Of all Tom's investigations, the tale of
Ali Mohamed remains "the most incredible spy story" he's yet come across.
Without Mohamed, Mr. Secker suggests there would be no al-Qaeda as the world knows it — "probably no WTC93, no embassy bombings, quite possibly no 9/11." Mohamed trained most of al-Qaeda's important footsoldiers in a dozen countries, and Bin Laden's bodyguards, conducted surveillance for the 1998 US embassy attacks in Sudan, and helped move Bin Laden from Sudan back to Afghanistan in 1996 — all while being a part-time FBI informant, serving in the US Special Forces and working for the CIA. The CIA claimed Mohamed was sacked in the mid-1980s, but Mr. Secker claims this is "total nonsense."

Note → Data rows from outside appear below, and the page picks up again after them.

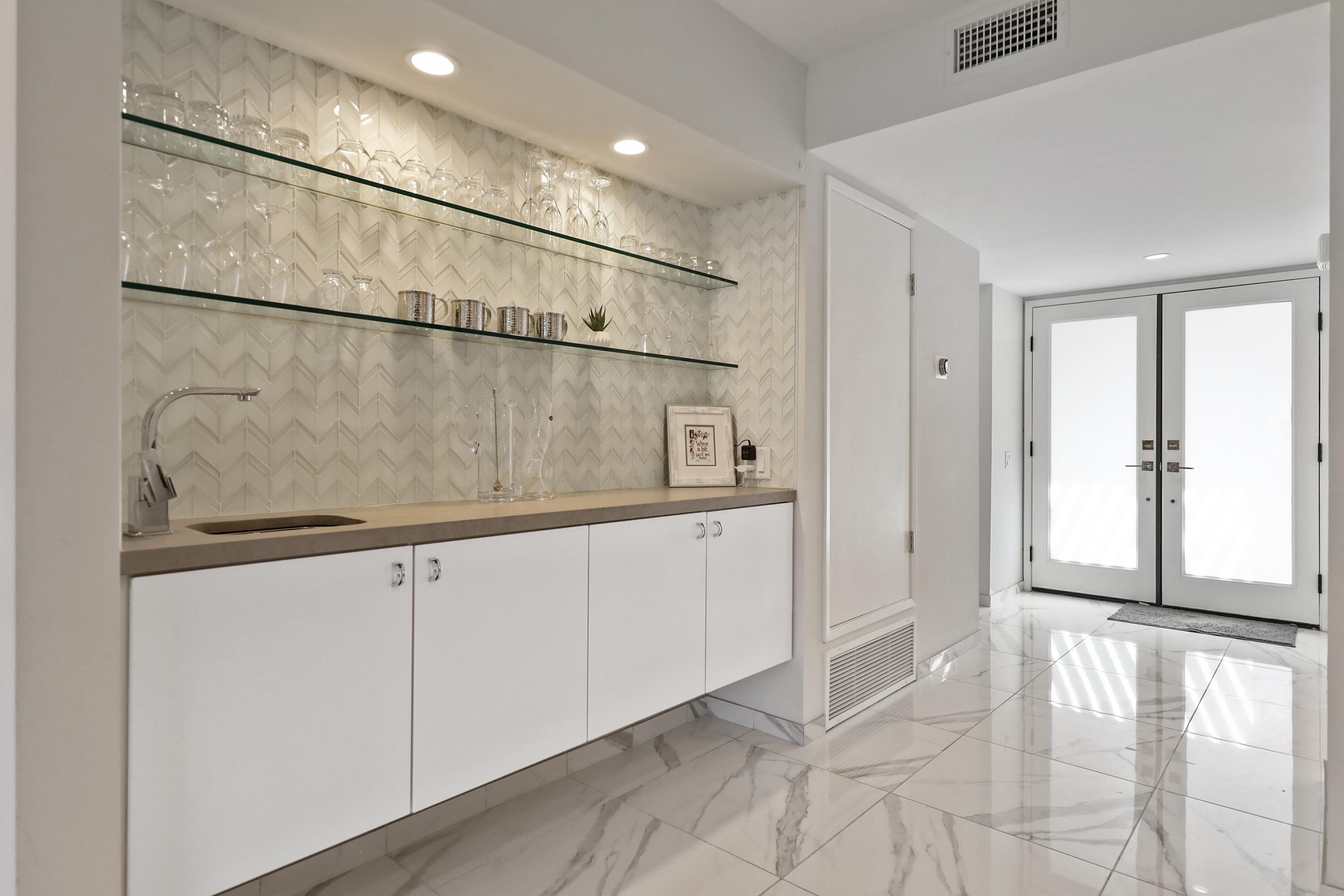 88 La Ronda Drive Rancho Mirage, CA 92270 - Photo 4 of 46 LaRonda88#5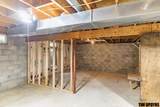 16661 152nd Avenue - Photo 32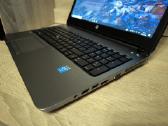 Hp Probook 650 G1 - nuotraukos Nr. 3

"When one of the defense lawyers in the US vs Rahman trial attempted to subpoena Mohamed, the prosecution wouldn't reveal where he was. When they eventually tracked him down, the prosecution told him to ignore the subpoena, and he never testified. Years later he was arrested, cooperated with authorities and offered one brief allocution, before disappearing, perhaps into protective custody. He even offered, in the wake of 9/11, to help the US government find Bin Laden and bring him to justice, leading one special forces unit to consider
dropping Mohamed into Afghanistan, and injecting him with a time-delay poison pill," Mr. Secker told Sputnik.
A "less clear" yet still "incredibly important" example is "whatever was going on" with 9/11 hijackers Khalid Al Midhar, and Nawaf Al Hazmi. The CIA and NSA
were monitoring al-Qaeda's communications hub in Yemen — as a result, Mr. Secker believes US authorities should've been able to stop the attempted bombing on USS The Sullivans, the successful bombing of the USS Cole, and "probably" 9/11 as well.
The first two were carried out by a local al-Qaeda arm financed by Jamal Khalifa, who also funded the Bojinka Plot — and was Bin Laden's brother-in-law. Former US National Coordinator for Security, Infrastructure Protection and Counter-Terrorism Richard Clarke has said the CIA deliberately withheld information on Al Midhar and Al Hazmi from the FBI and White House, because they'd recruited them, or were trying to — an aspect of 9/11 the official investigation failed to scrutinize.
"Finally, 18 months after the two al-Qaeda men arrived in the US, the CIA, in a very low key way, passed a report to the FBI about al-Mihdhar and al-Hamzi. It was too late. Their trail had gone cold. They'd entered the final phase of preparations for 9/11. Nothing in the joint congressional investigation, the 9/11 Commission's work or the CIA Inspector General's investigation explains why the CIA hid its knowledge about these two al-Qaeda operatives,"
Clarke has alleged.
However, Mr. Secker believes the behavior of certain officials, most prominently Tom Wilshire of the CIA's Bin Laden unit, suggests even Clarke's narrative doesn't truly get to the bottom of things. Despite alerting superiors to Al Midhar's significance and impending involvement in a major al-Qaeda attack,
he continued to protect and hide information on the target.
"This suggests Al Midhar was still working for the CIA in some way, right up until the moment Flight 77 smashed into the Pentagon," he grimly concludes.
Sputnik contacted the CIA for comment, but is yet to receive a response as of January 31.